My thoughts raced as I drove up the coast road, getting ever closer to our reunion. There was so much to say. Where would we even start? They knew about Leanne and Garth but did they know it all? Did they know about my ‘playmates’? Did they know about The Manor? There was no mention of any of it in Kirsten’s letters but that didn’t mean they weren’t aware. And if they knew everything, how must that have affected them? I’d only been ten when they’d taken me in – still a child at primary school. How devastating must it have been to discover that the child they were there to protect had been manipulated and ‘educated’ in their own home right under their noses by their own daughter and nephew?
Half an hour later, I pulled into a gravel courtyard in front of the stone cottage and stepped out of the car. Deep breath. Be brave.
A large wreath on the wooden door transported me back to The Larches at Christmas.
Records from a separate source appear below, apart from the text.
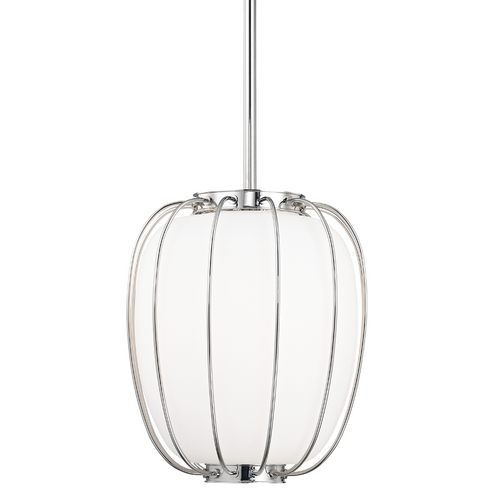 Ephron Pendant Polished Nickel 14"W x 19.5"H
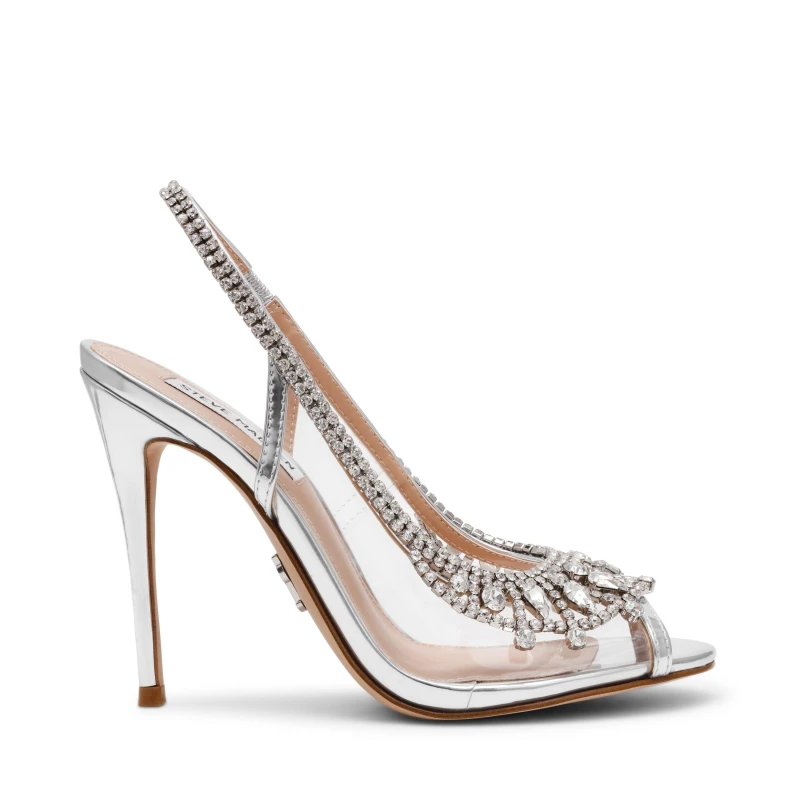 Image of Steve Madden Madden Extension105H Ld62 Silver/Clear female 4 (37)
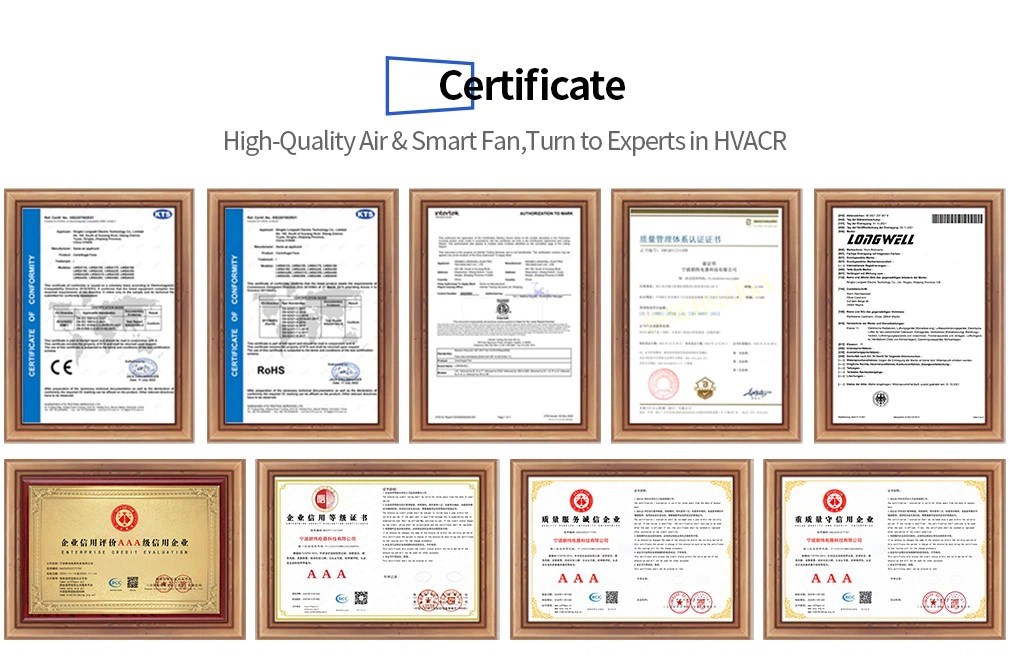 12-AC Backward Centrifugal Fan12-Certificate display 12-AC Backward Centrifugal Fan12-Certificate display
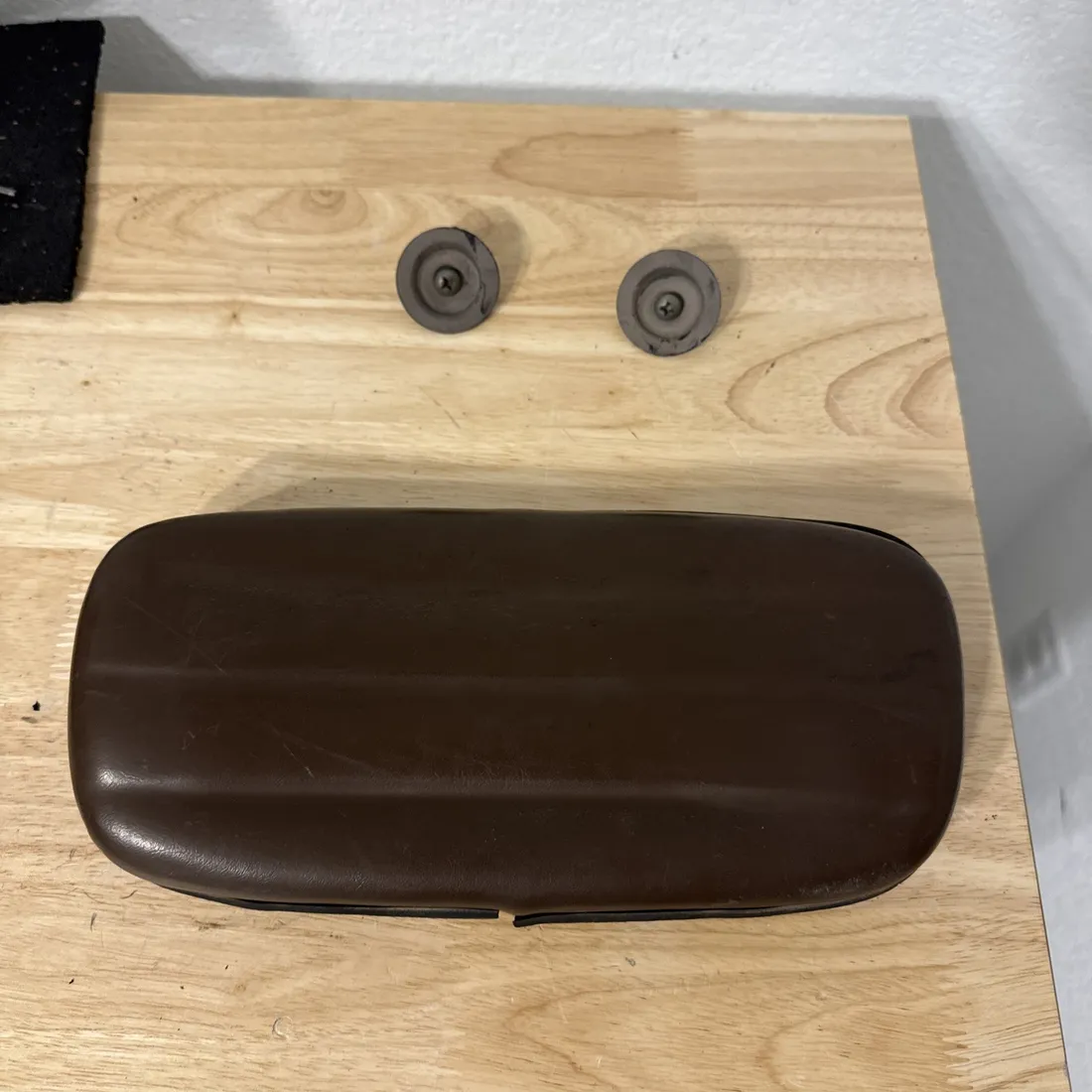 Harley Brown Shovelhead FLH Electraglide Passenger Sissybar Backrest Pad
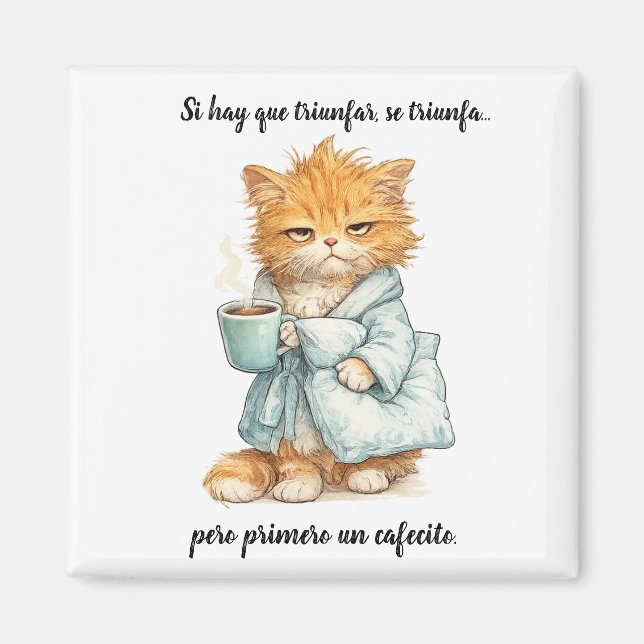 Aimant gato triunfador (Devant)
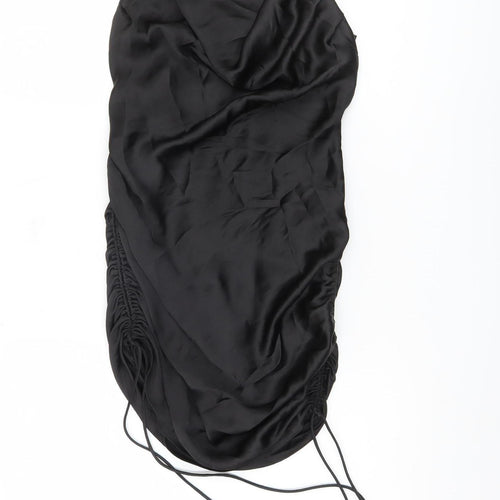 Zara Women's Black Silk Slip Dress Size 6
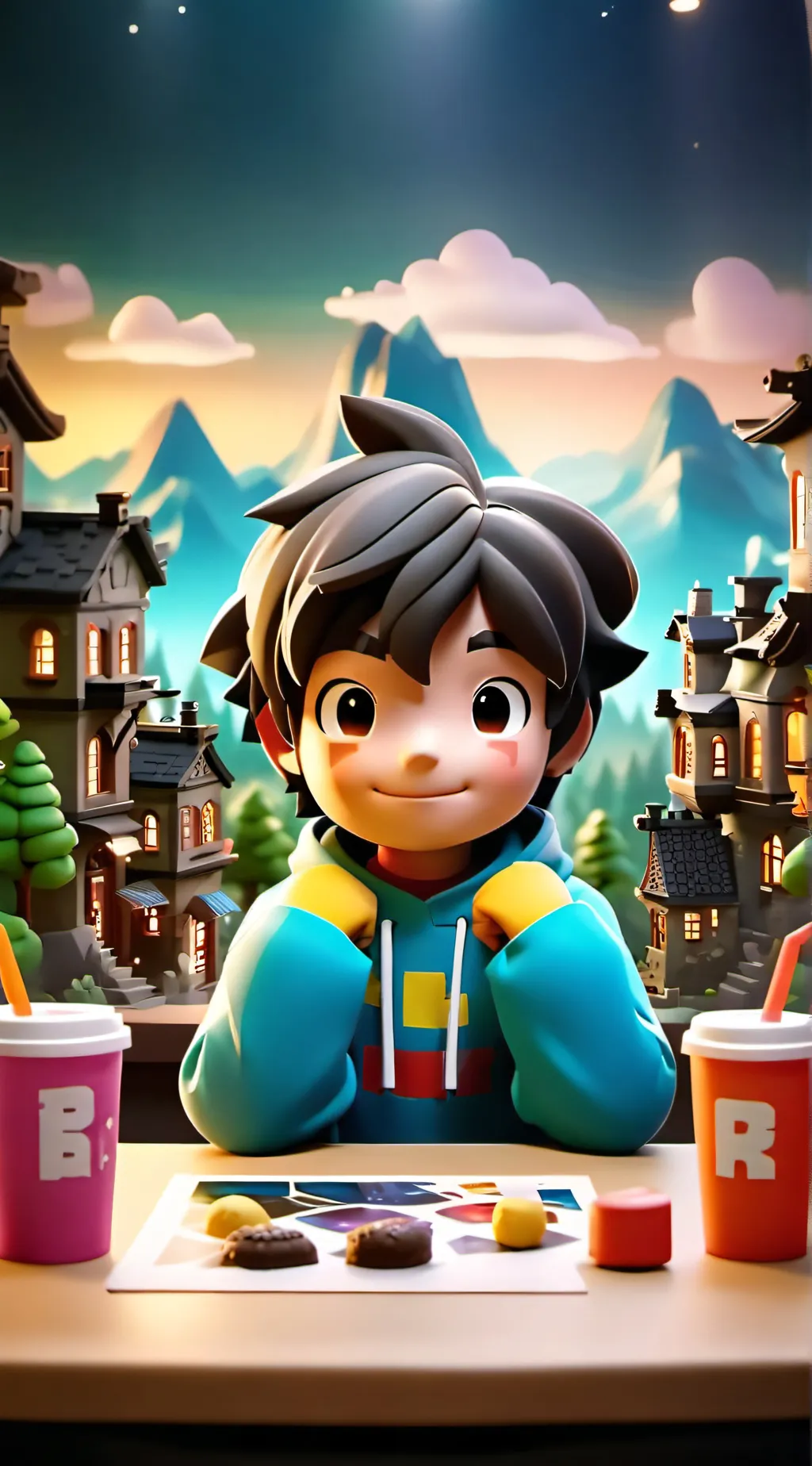 ai character: Meet up background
Every year, Kirsten and I would make a wreath together from conifer leaves, holly, ivy and bright red poinsettias; another thing Leanne seemed to resent us doing, telling us it was a pointless waste of time when we could easily buy a “far superior” one from a florist.
I was about to knock when the door burst open and there she was, Kirsten Sanderson, the kindest woman I’d ever met. Her long blonde hair was gone, replaced with a short pixie-style crop. She’d gathered a few wrinkles – no doubt caused by stress and worry as well as the passing years – but was otherwise exactly as I remembered her.
She pressed her fingers to her lips, her eyes filling with tears as she looked me up and down as though trying to match the thirty-six-year-old woman before her with the twenty-two-year-old girl she’d last seen. ‘It’s really you!’
‘It’s me!’ My voice cracked as the tears tumbled. ‘I’ve missed you so much.’